═══ RECORDS SHOWN
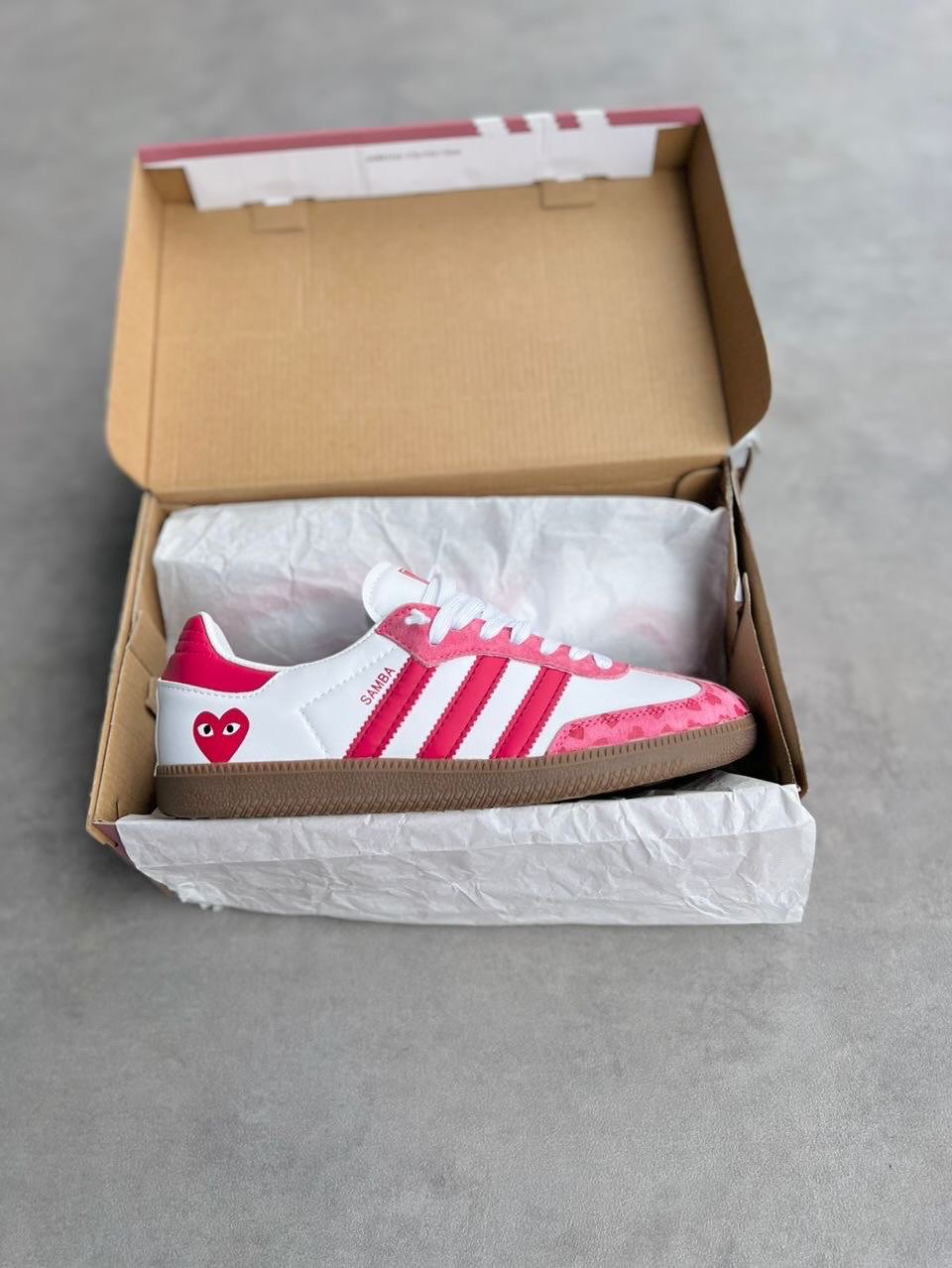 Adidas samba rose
══════
═══ RECORDS SHOWN
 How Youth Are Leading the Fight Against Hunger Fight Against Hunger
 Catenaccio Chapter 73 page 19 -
══════
Write out only the lines that run from the line containing "How Youth Are" through the line containing "Catenaccio Chapter 73", both included, exactly as they appear above.

§ **COMPLETED EXERCISE**
 How Youth Are Leading the Fight Against Hunger Fight Against Hunger
 Catenaccio Chapter 73 page 19 -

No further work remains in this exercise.